1. A Repository For All Things Data
Whenever you are choosing a CRM for your email campaigns, take note of how well it can acquire, retain, and store subscribers’ data. Personalization is like a second name to effective email marketing, and thus, details about any subscriber are worth a lot. Moreover, just storing and securing data is not enough. It should be segregated accordingly into segments that can be directly used as a targeted email list. For example, based on location, gender, interests, and other demographics, the CRM should be able to generate segments for customized email campaigns. The data should provide real-time solutions and alterations in the lists itself so that they become useful for trigger-based behavioral marketing.

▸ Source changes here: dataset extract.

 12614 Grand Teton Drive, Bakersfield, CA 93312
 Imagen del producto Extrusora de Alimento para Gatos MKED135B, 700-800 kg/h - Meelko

2. Advanced Personalization Capabilities
Marketers have experienced a whopping 760% revenue boost via segmented email campaigns – which is a vital part of the email personalization fraternity. The CRM you pick should support cross-channel and multi-channel integrations in order to understand the user requirement easily. Website tracking, engagement on social profiles, email engagement rates, and past purchase/browsing history are the four key areas from where you can garner the personal data. CRM will then study various touchpoints to come up with email lists that can personalize the individual user experience to make it exclusive. Apart from that, personalization tags like first or last name, year of joining, location, weather, coupon codes, and more can further customize the user engagement on your campaigns. Make sure to double-check all the email personalization capabilities that your CRM offers.
3. Email Automation
Drip campaigns or automated emails work like a charm for businesses that target action-triggers. Welcome emails, cart abandonment emails, and transaction emails are a few instances where you can set-up email automation to send a series of emails that revolve around the same subject. B2C companies that leverage email automation have seen a rise in email conversions as high as 50%. This makes email automation an integral element for your CRM to provide.
4. Email Templates
As basic as it may sound, email templates are still the star players in a campaign’s success. What goes in the backend is never visible or prominently explainable to the end-user, i.e. email recipients. All they will see is a responsive, easily navigable, and engaging email design. CRMs or ESPs like SFMC and Mailchimp come with pre-designed template libraries. A CRM that allows maximum customization in their templates and lets you integrate your custom-templates should be in any marketer’s good books. Email clients and devices render email designs differently, and this is a point where testing proves to be the hero. Go for a tool that combines all the email design best practices for maximum opens.
5. Analytics and Analysis
The final but vital feature of a CRM is having a class-apart email metrics facility. Email campaigns are measured by their open, click-through, and conversion rates to ultimately contribute to the overall ROI calculation. A good CRM tool will not only help you track all these metrics but will also help you to put this data into action by providing solutions. Analytics are important to measure email campaign performance and improve the operation where needed. Choose a CRM that can easily fetch third-party conversions and other integrated channels to provide holistic reporting.
Closing Note
CRM and email marketing can work as two sides of the coin if they are compatible to improve overall campaign performance. Out of all the latest and intricate features that new-gen CRMs come with, the discussed five are the classic and most fruitful ones. These CRM campaign management features are like the base of cake when anything else would be considered as the cherry on the top! However, if you still need a helping hand in deciding which CRM to go for, consult a CRM manager who can guide you with the right CRM strategy for your business.